## Introduction to Bag of Words (BoW)

Welcome to this notebook where we explore the Bag of Words (BoW) model, a foundational technique in natural language processing (NLP). BoW is particularly useful for converting text into numerical representations that can be fed into various machine learning models. This notebook will guide you through applying the BoW model to analyze customer reviews of the Netflix app.

### What is Bag of Words?

The Bag of Words model is a way of extracting features from text for use in modeling, such as machine learning algorithms. It involves two primary steps:
1. **Tokenization**: Splitting text into individual words or tokens.
2. **Vectorization**: Counting how many times each word (token) in the dataset occurs in each document and using this count as a feature.

### Why is BoW Important?

BoW is crucial for many NLP tasks because it simplifies the complex task of understanding human language by reducing text to a bag of individual words. This model can be used for document classification, sentiment analysis, and other applications where text needs to be converted into a form that algorithms can process. Let's explore how we can implement and utilize this model effectively.

In [21]:
# Importing necessary libraries
import pandas as pd
from sklearn.feature_extraction.text import CountVectorizer

### Sample Dataset Preview

We believe that the best way to grasp this algorithm is through an easy example.

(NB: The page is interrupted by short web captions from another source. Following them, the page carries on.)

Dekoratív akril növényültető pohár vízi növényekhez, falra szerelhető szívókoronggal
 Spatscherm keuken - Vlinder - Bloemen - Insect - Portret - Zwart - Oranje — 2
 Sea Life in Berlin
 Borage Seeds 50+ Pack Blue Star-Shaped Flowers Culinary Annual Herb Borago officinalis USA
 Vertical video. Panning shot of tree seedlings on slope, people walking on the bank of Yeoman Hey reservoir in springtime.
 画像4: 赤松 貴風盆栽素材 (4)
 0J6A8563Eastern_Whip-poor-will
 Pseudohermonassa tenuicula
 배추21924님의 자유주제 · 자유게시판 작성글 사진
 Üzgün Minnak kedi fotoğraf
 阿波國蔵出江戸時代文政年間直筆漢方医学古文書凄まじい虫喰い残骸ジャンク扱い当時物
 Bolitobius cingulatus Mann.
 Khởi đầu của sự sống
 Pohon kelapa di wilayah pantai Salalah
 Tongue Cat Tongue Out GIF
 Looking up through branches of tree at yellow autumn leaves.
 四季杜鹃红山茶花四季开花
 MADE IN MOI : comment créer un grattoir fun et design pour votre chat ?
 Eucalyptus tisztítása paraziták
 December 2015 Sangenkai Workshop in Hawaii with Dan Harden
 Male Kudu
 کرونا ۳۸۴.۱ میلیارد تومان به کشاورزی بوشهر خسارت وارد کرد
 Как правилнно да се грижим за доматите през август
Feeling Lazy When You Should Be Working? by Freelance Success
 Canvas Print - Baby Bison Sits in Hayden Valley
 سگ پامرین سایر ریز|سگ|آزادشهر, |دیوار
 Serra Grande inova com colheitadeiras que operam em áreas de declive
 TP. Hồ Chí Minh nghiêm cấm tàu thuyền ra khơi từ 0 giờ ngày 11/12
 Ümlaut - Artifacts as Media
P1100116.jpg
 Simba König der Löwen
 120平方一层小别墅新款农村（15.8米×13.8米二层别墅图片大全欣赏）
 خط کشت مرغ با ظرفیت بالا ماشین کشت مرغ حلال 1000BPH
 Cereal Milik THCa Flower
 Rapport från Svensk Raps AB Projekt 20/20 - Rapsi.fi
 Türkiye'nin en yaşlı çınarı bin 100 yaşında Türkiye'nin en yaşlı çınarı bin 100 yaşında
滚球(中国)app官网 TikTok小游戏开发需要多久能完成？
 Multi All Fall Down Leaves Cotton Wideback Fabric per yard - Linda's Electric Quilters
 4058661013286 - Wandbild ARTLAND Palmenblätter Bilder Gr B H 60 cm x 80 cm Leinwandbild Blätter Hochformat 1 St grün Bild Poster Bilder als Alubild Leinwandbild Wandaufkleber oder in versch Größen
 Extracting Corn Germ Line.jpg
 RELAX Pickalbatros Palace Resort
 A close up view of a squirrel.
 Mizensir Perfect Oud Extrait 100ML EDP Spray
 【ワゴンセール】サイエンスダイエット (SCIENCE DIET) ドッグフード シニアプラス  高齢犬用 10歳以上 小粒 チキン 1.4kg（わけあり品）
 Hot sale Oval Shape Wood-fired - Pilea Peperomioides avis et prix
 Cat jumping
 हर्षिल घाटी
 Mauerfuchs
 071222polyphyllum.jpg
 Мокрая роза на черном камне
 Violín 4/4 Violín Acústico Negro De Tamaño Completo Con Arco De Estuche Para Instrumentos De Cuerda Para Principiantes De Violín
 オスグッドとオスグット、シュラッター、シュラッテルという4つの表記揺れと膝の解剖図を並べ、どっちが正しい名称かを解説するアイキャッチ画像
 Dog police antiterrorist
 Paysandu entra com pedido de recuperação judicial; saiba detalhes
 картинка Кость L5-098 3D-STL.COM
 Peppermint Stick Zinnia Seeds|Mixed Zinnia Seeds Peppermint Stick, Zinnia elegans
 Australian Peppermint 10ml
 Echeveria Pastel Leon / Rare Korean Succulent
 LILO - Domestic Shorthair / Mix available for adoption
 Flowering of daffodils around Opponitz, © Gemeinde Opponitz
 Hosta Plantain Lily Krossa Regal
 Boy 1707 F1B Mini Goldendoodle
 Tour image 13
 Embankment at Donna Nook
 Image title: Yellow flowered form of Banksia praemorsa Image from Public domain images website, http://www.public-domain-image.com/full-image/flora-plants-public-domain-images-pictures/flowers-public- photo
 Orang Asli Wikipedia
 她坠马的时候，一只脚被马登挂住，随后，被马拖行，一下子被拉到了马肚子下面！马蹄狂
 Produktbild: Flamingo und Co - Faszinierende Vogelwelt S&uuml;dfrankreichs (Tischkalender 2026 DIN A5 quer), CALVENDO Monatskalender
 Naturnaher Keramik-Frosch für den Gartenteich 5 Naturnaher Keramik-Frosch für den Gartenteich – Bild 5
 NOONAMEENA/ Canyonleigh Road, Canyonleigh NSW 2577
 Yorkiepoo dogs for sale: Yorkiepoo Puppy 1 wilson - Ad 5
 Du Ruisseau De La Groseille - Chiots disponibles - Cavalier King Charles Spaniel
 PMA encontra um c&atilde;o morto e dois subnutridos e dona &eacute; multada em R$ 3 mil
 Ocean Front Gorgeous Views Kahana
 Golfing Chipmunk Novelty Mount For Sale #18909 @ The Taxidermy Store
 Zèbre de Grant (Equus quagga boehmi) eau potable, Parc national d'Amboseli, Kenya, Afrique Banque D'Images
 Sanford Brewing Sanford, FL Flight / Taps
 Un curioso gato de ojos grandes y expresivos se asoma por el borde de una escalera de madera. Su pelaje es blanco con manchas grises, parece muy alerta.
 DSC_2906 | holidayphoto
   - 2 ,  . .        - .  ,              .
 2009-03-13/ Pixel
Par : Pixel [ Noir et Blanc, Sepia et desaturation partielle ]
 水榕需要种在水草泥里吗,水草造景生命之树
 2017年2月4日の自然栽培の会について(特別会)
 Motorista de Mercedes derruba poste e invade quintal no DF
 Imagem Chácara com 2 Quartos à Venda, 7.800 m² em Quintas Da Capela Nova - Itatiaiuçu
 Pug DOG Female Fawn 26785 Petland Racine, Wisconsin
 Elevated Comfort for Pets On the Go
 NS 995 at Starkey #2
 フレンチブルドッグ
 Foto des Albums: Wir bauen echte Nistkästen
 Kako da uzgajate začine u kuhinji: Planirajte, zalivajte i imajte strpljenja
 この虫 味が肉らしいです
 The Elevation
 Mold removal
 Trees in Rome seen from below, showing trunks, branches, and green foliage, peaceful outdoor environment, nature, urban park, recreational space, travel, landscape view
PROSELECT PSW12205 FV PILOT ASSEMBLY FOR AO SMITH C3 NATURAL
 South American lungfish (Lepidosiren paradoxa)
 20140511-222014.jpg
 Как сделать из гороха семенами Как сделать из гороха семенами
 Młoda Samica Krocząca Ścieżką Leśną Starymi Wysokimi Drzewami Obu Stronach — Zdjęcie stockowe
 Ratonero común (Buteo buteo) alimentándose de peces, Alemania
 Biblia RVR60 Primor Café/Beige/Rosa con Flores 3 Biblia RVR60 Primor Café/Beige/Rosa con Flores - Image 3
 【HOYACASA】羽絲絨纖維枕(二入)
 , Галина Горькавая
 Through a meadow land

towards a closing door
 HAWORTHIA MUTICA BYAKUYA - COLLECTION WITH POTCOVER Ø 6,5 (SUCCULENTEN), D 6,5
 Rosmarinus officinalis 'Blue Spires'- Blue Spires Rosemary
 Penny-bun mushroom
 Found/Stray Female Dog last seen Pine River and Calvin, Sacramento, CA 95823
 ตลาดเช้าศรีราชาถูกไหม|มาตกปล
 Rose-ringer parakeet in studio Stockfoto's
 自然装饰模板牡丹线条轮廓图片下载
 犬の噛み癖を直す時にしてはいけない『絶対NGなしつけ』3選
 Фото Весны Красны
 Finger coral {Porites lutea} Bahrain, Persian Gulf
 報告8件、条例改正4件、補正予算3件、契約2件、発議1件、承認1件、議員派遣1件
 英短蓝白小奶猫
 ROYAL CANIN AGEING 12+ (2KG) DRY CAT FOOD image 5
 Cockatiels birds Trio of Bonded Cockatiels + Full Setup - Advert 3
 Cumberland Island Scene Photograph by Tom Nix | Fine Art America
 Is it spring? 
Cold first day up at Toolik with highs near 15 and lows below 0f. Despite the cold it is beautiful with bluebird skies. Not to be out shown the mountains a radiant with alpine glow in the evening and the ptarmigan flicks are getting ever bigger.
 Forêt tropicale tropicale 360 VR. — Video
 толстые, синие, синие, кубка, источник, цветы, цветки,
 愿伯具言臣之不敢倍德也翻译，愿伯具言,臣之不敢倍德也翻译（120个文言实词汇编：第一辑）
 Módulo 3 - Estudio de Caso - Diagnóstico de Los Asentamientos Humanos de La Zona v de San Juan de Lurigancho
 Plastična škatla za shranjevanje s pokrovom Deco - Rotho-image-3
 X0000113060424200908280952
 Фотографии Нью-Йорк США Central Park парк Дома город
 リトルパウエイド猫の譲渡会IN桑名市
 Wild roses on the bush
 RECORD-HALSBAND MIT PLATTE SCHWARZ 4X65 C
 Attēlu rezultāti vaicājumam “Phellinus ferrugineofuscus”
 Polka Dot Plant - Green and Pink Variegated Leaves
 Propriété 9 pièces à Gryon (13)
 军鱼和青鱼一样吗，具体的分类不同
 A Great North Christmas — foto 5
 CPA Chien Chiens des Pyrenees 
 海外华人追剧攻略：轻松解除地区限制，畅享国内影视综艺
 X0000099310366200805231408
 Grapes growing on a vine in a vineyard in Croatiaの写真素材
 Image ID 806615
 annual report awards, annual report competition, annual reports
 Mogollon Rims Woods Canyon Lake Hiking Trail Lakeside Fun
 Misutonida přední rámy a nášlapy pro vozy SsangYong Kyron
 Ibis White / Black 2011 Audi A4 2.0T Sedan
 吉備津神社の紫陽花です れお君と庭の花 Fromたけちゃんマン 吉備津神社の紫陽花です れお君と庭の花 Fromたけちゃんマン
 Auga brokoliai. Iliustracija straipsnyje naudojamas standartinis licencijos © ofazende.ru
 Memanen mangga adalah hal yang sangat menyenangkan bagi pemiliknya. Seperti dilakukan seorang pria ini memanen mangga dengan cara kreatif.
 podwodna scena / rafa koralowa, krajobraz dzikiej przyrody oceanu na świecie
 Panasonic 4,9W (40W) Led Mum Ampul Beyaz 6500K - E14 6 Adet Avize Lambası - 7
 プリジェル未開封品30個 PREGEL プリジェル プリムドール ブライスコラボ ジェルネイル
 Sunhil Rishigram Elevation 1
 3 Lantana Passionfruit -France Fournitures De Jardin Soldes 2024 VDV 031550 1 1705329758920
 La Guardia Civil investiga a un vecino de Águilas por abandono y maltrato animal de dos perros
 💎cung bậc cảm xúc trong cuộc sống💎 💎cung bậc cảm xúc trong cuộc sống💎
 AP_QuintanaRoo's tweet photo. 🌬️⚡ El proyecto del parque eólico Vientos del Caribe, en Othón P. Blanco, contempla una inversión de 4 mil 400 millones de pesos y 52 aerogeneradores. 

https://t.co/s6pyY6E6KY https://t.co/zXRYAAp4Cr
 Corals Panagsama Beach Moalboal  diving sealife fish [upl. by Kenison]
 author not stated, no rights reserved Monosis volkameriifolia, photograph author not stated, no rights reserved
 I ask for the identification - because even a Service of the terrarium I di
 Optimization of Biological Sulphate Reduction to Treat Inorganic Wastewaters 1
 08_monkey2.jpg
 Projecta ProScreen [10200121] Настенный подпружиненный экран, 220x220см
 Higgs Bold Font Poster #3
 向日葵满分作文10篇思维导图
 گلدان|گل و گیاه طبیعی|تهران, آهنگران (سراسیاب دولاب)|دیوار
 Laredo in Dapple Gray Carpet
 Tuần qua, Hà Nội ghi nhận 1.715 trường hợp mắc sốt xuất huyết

So for now, we'll use a simple dataset. Here's a quick look at the one we'll be using in this notebook:

In [22]:
# Sample DataFrame with Netflix app reviews
df = pd.DataFrame({
    'Content_cleaned': [
        'the app is great new features but crashes often',
        'love the app love the content but it crashes',
        'the app crashes too much it is frustrating',
        'the content is great it is easy to use it is great'
    ]
})

### Understanding the DataFrame

Our DataFrame `df` contains one column, `content_cleaned`, just like we did in the `text_preprocessing.ipynb` file.

In [23]:
print(df.to_string())

                                      Content_cleaned
0     the app is great new features but crashes often
1        love the app love the content but it crashes
2          the app crashes too much it is frustrating
3  the content is great it is easy to use it is great


Let's start by applying the Bag-of-Words (BoW) technique on the simple dataset to see how it works.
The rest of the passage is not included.